Tom R.Tom R. Posts: 139Member
Powers and Honeywell used to have a low temp. cutout/alarm (DPDT) that had a huge long bulb to string criss-cross across the face of the HX. (Freezstat) The claim was that if any two feet of the bulb went below the setpoint, the switch would trip. We used them successfully on hot water coils in 100% OA units with variable flow. But why not just use an aquastat in the idle boilers energized by OAT below freezing(or the above mentioned device)?

Comments

  • Frozen Broken heat exchangers

    Greetings,

    I was recently invited to bid on a pair of frozen/broken copper fin tube heat exchangers on some rather large (5,000,000) btuH boilers.

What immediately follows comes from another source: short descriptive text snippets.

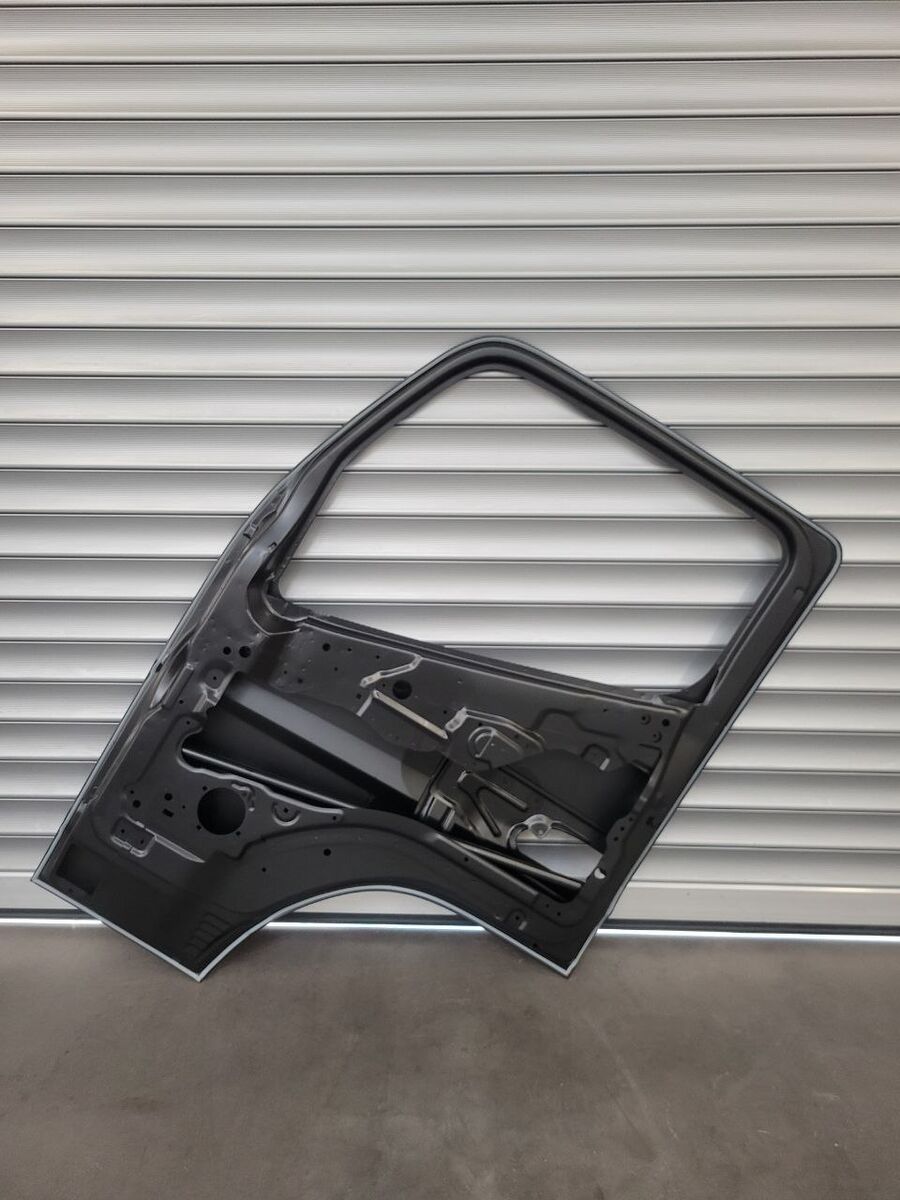 porta MITSUBISHI FUSO " C " RH SIDE 2014-2021 per commercial vehicle Mitsubishi Fuso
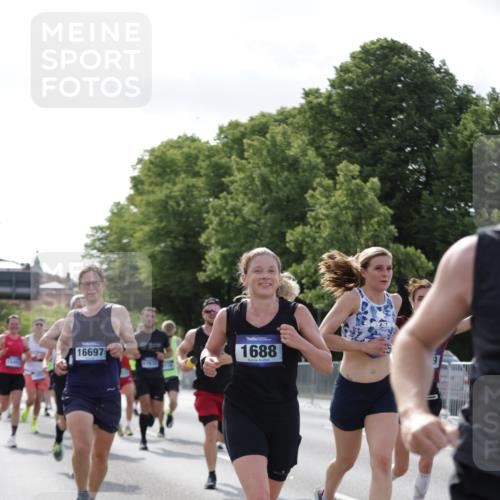 29.06.2025 - hella hamburg halbmarathon Jannik Wohlers http://msf.ph/oto/8216435 29.06.2025 09:49:58 Lombardsbrücke 1688, 1803, 1882, 2568, 2675, 2719, 2826, 3332, 4398, 4823, 5436, 5745, 5791, 5803, 6458, 6529, 6649, 6704, 7774, 8450, 9017, 9116, 9302, 9365, 10218, 11379, 11491, 11619, 11767, 12292, 12335, 12540, 12554, 12895, 13725, 14798, 14992, 15225, 15257, 15336, 15435, 15493, 15521, 16648, 16697, 16992, 17425, 17620, 17632, 18154, 18275, 19116, 19229 meine-sportfotos.de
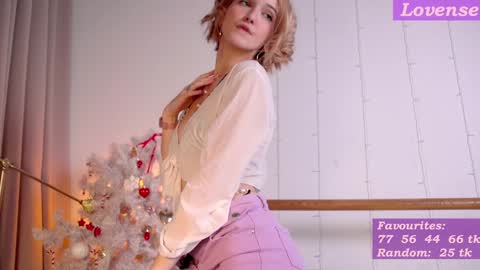 Snapshot of kisskiss_muah chatting on 01-21-25, 05:20 Kate  online show from 01-21-25, 05:20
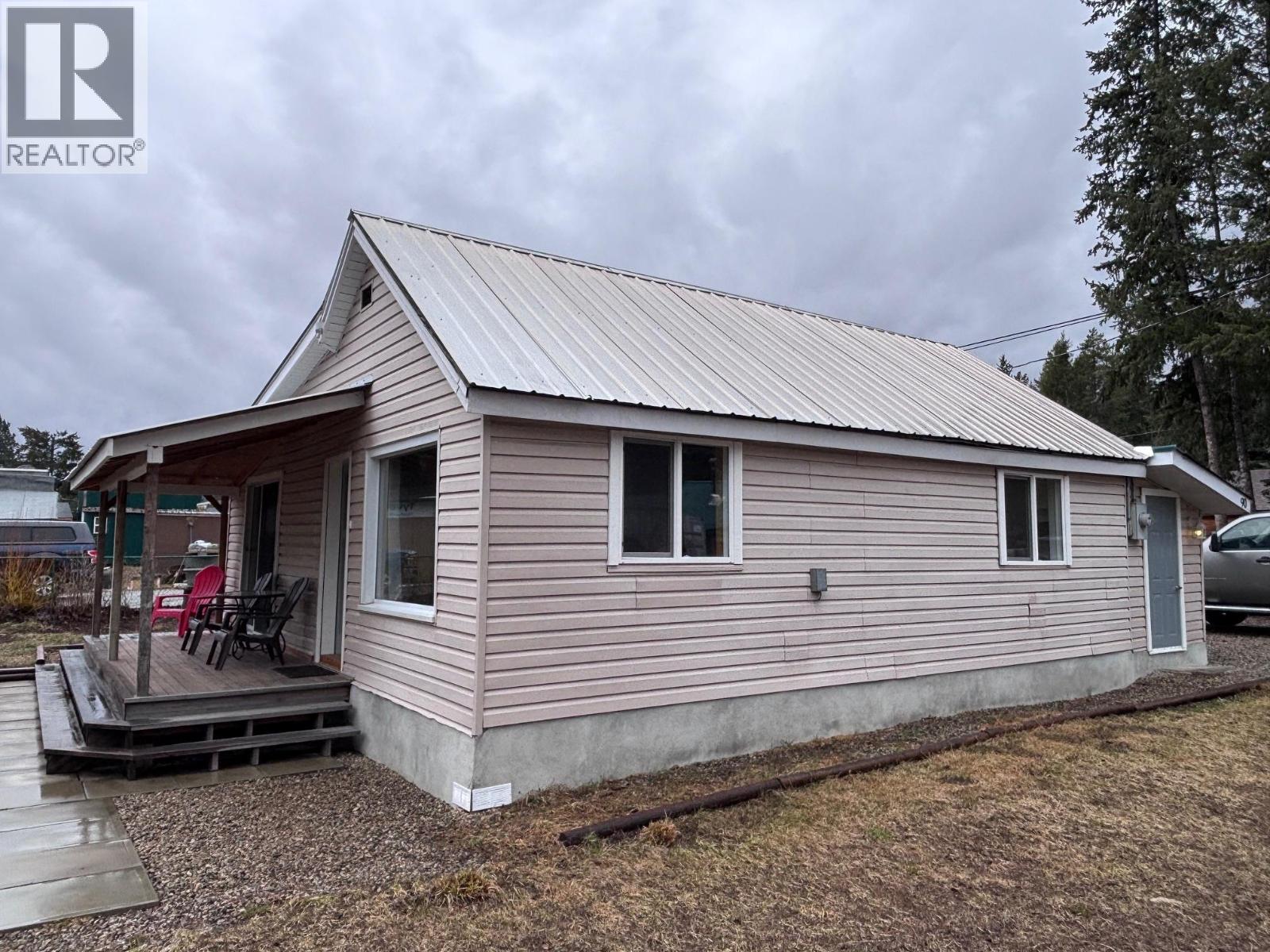 90 2nd Avenue, Beaverdell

    The mechanical room serves a large apartment complex. It is on the top (6) floor of a parking garage. There were 4 of these 5 mil fire breathing dragons, piped primary/secondary. The building engineer kept trying to say that it was the Tekmar multi stage boiler control that caused the boilers to freeze and break. I contend that it was the DESIGN that caused the problem, and I backed it up with simple calculations.

    Essentially, even at design conditions, only 2 of the fire breathing dragons were necessary to maintain proper supply temepratures to the building. Consequently, when design conditions raised their ugly head, two of the 4 boilers were not moving any water through their heat exchangers, and they froze and broke due to cold air spilling down the flue gas breach.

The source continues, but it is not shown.